I would like to think that thermal engineers are more attuned to uncertainties than are other engineers. After all, we deal with some of the most uncertain characterizations out there: contact conductance, natural convection film coefficients, and so forth. I can say that since you’re probably a thermal engineer if you’re reading this, and hey, I’m not above pandering.

The math for handling uncertainties isn’t hard to learn or apply. However, we are rarely taught to use it in schools, except for measurement uncertainties and design drawing tolerances (where the concern is geometric rather than analytic).

We first introduced a Reliability Engineering (aka stochastic analysis) module in our software over 20 years ago. More importantly, at about the same time we made it possible for almost every value to be input not just as a value, but also as an easily varied parameter. We offered scaling factors throughout the programs, and we have continued to design new features along the same lines. A question such as “What if this input is off by 50%?” is easy to address, as are “What is the worst-case conditions I should design to?” and “What is the best-guess value for this uncertain parameter, given this test result?”

from: Advanced Design Modules

Other CAE software vendors have similarly addressed a need for statistical design capabilities (e.g., ANSYS' More Certainty by Using Uncertainties.pdf,  and CD-Adapco's Robust System Design Simulation).
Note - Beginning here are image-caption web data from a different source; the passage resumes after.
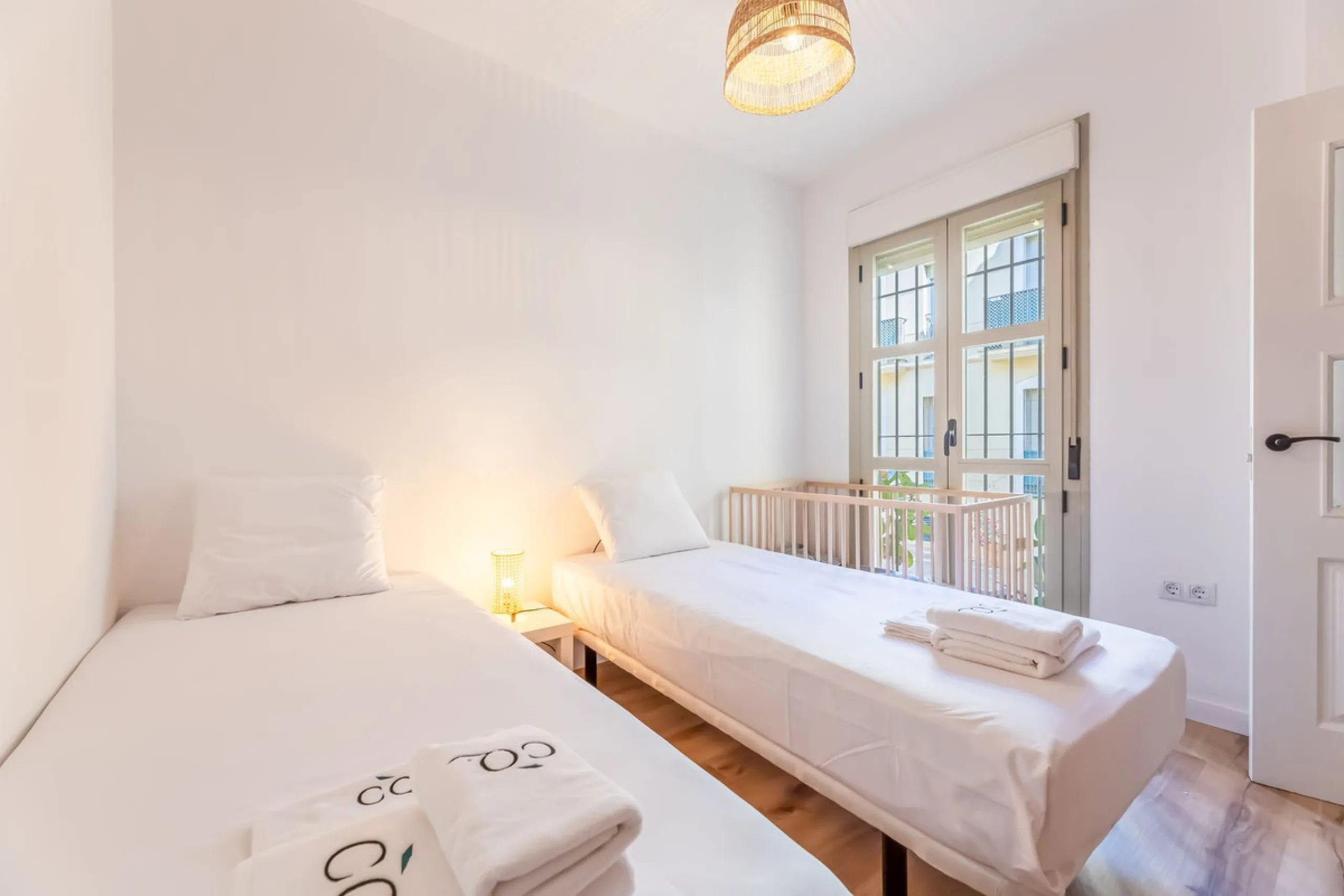4-Bedroom Apartment for Sale in Málaga Center – Great Investment Opportunity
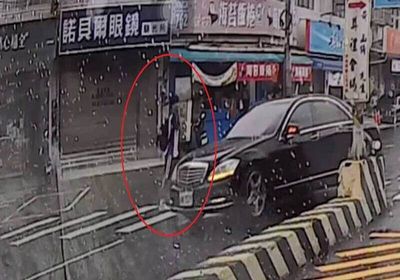 5車硬闖無視路口學生！ 彰化8月狂抓1451件「車不讓人」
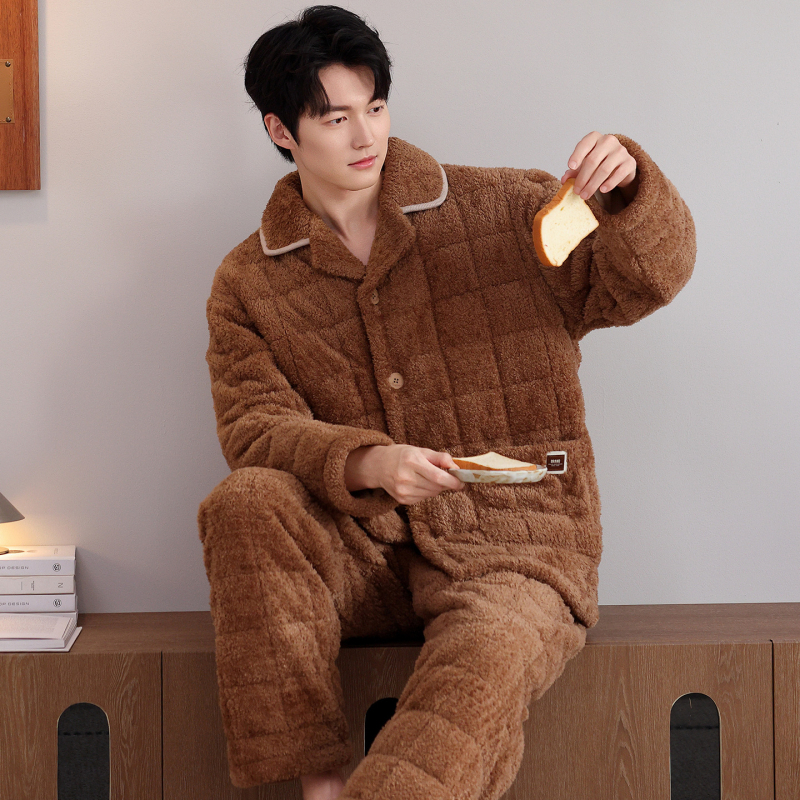 Férfi téli pizsama szett, vastag béleléssel, quilted, 100% poliészter, galléros, hosszú ujjú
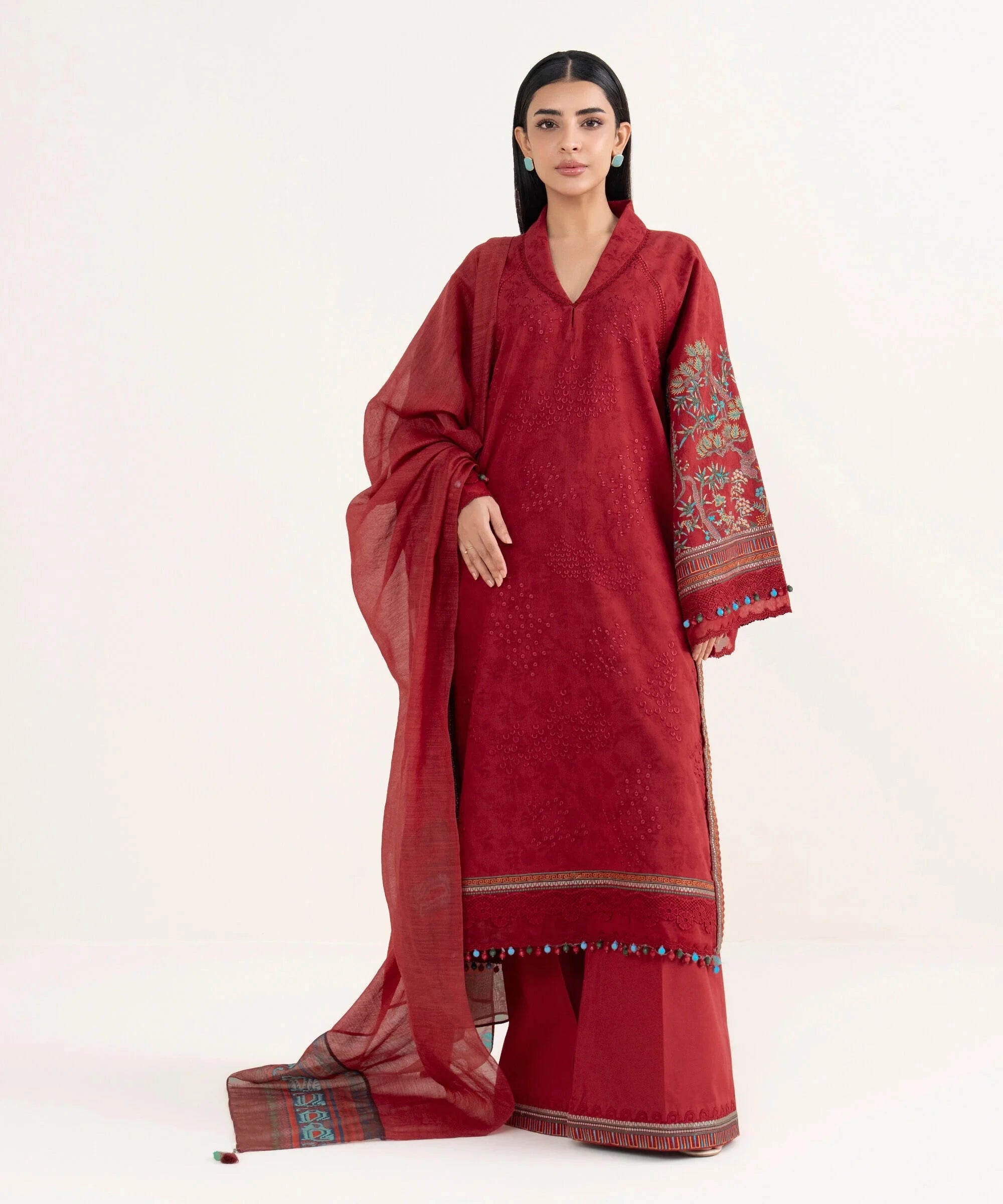 img_sapphire_pre_fall_collection_awwal_boutique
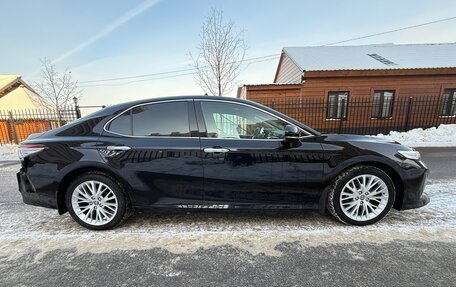 Toyota Camry, 2021 год, 3 400 000 рублей, 6 фотография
But you just don’t see these capabilities front and center, and it is no wonder: the demand is low. When we offer seminars on this subject, they are slow to fill.

Given the huge uncertainties involved, and our need to design conservatively, and the ease with which these uncertainties can be addressed, why aren’t those the most popular seminars? I am at risk of being a hypocrite myself: few of my own models include adequate investigation of uncertainties. Why is that?

One important reason is that there is an infrastructural gap. Tables of conductivities, K-factors, and insulation performance almost never show min/max values much less standard deviations. Development contracts always state performance requirements, but are often missing required probabilities of success associated with those requirements.

I can hope that the dearth of data on uncertainties will be addressed someday. That all design software will respect uncertainties. That all engineering students will leave the university with a healthy knowledge of the limits of certainty. And that all managers will learn to love error bars.

Until then, may the uncertainties in the dark branches of your thermal model be wind, and not lions.